Problem statement: Look through the data below. Pick out the lines holding the string "show".

Supplied records:
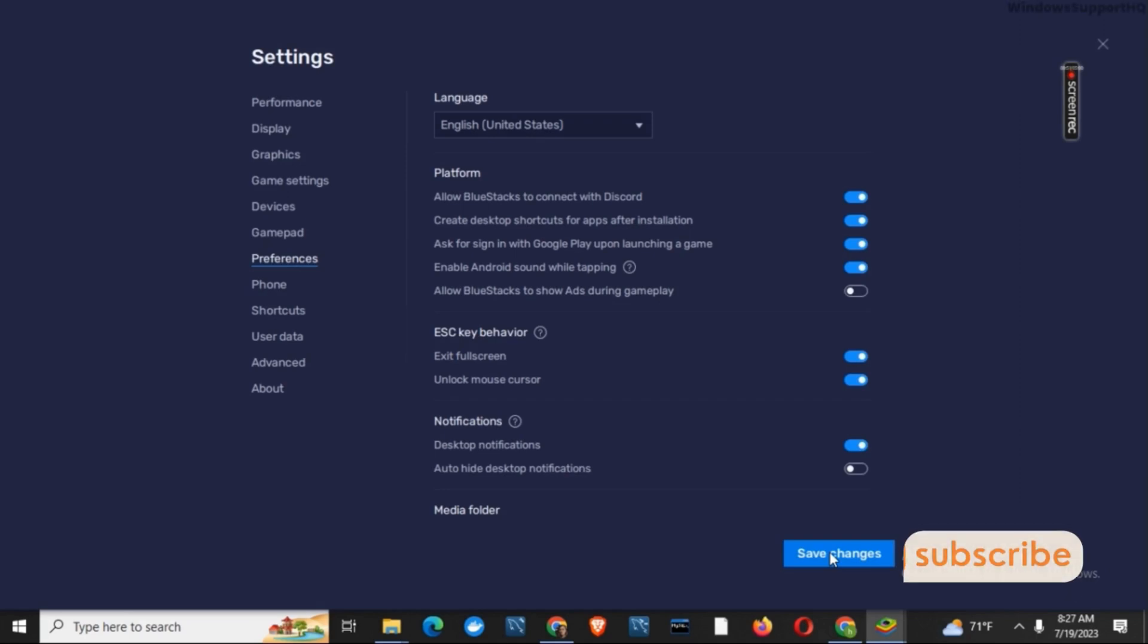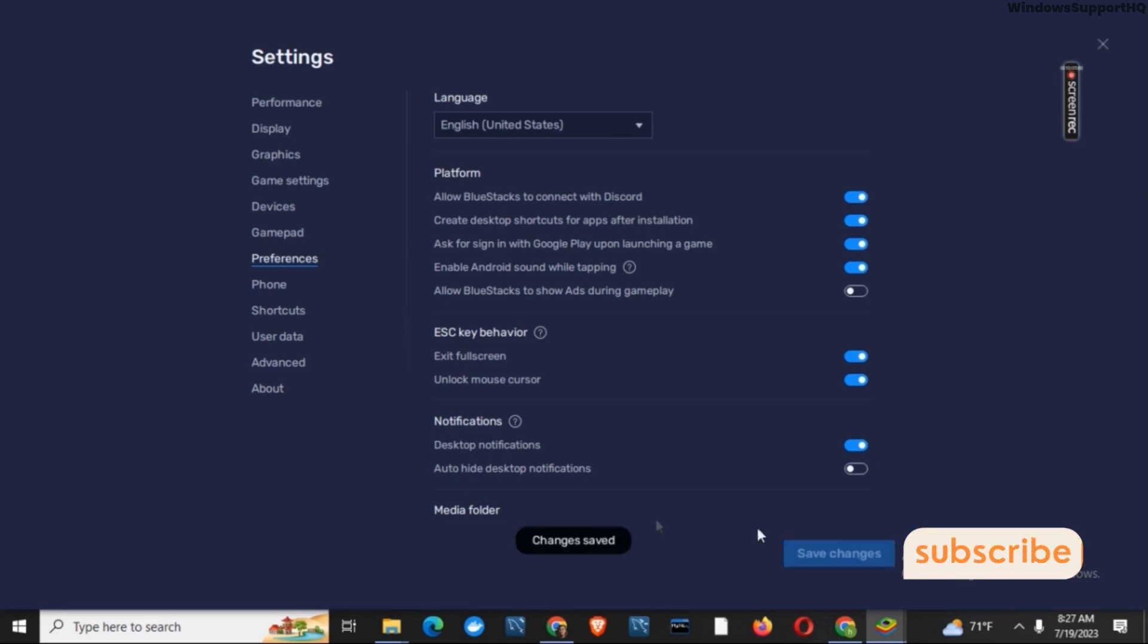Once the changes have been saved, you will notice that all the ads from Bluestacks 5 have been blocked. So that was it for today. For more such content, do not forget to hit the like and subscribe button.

...

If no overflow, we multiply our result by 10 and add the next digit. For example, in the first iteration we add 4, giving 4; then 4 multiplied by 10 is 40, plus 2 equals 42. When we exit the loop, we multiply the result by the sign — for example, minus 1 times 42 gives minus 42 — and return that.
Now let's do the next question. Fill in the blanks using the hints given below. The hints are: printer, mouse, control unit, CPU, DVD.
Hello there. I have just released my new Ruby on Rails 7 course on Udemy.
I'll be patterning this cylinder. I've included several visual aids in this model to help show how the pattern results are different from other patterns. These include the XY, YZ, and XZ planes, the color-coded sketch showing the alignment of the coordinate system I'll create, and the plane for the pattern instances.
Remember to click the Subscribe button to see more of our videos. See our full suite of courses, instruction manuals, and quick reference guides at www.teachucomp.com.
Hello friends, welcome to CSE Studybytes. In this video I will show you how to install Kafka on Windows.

Answer:
I'll be patterning this cylinder. I've included several visual aids in this model to help show how the pattern results are different from other patterns. These include the XY, YZ, and XZ planes, the color-coded sketch showing the alignment of the coordinate system I'll create, and the plane for the pattern instances.
Hello friends, welcome to CSE Studybytes. In this video I will show you how to install Kafka on Windows.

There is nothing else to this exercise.